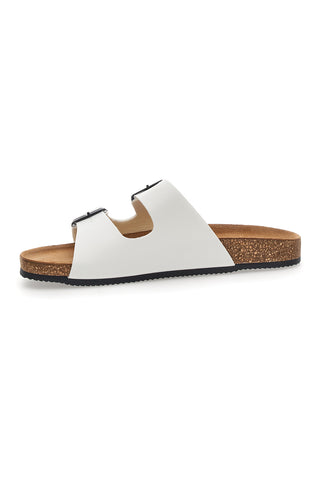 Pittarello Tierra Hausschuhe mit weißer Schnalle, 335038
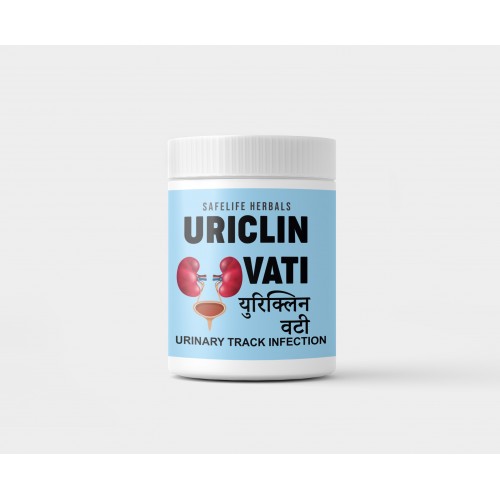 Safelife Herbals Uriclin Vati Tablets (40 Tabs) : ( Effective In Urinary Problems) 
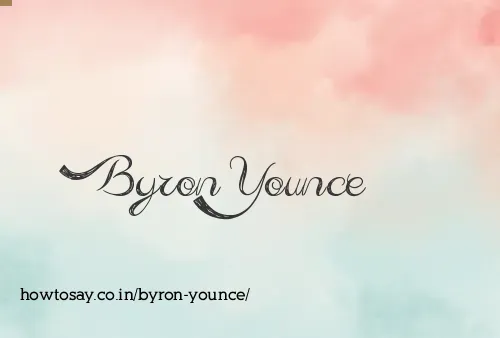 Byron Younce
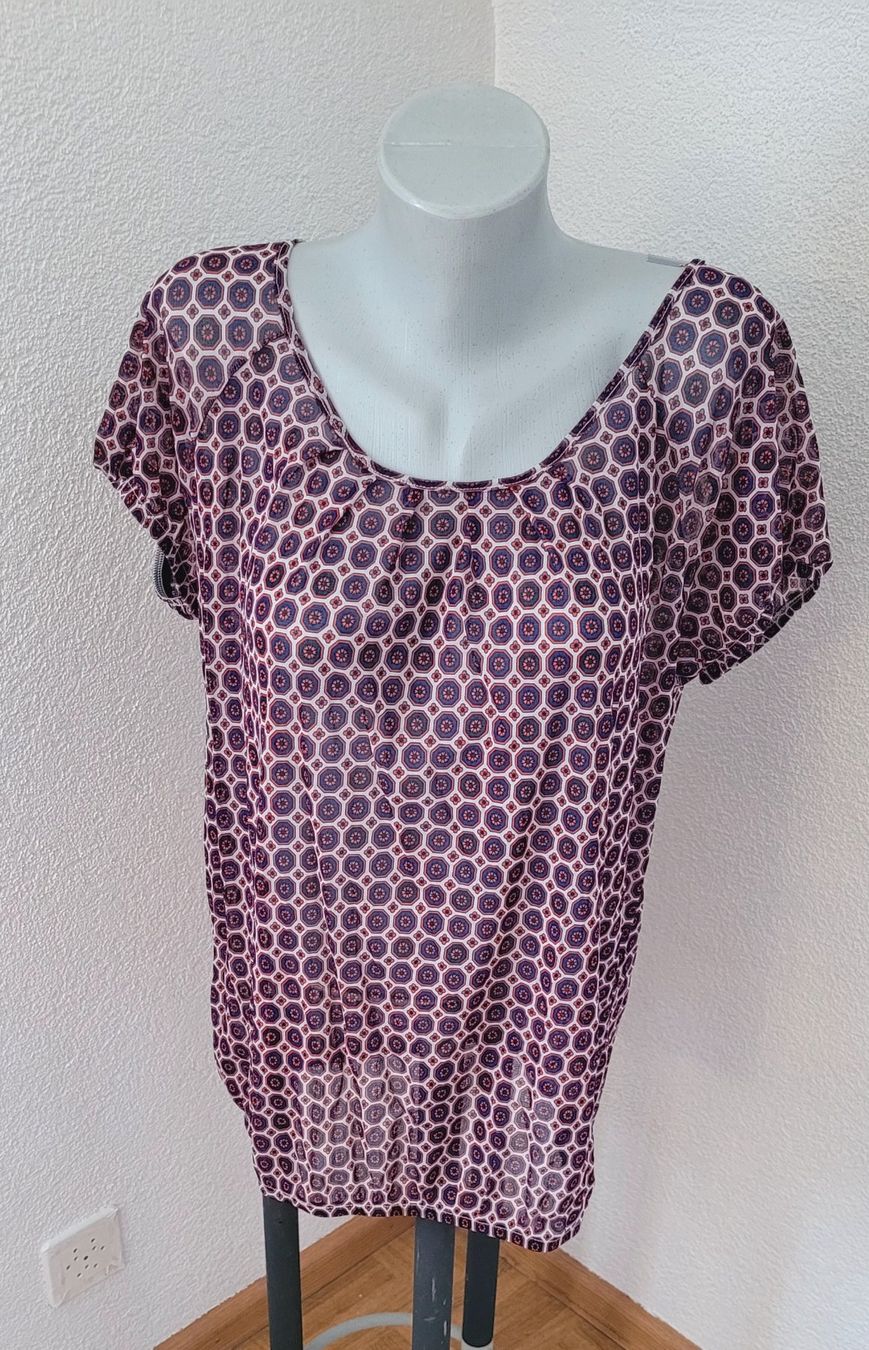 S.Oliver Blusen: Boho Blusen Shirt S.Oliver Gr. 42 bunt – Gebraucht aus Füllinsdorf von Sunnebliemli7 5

================

- Work task:
Could the material above be given again exactly, pictures excluded?

- Answer to this task:
 Pittarello Tierra Hausschuhe mit weißer Schnalle, 335038
 Safelife Herbals Uriclin Vati Tablets (40 Tabs) : ( Effective In Urinary Problems) 
 Byron Younce
 S.Oliver Blusen: Boho Blusen Shirt S.Oliver Gr. 42 bunt – Gebraucht aus Füllinsdorf von Sunnebliemli7 5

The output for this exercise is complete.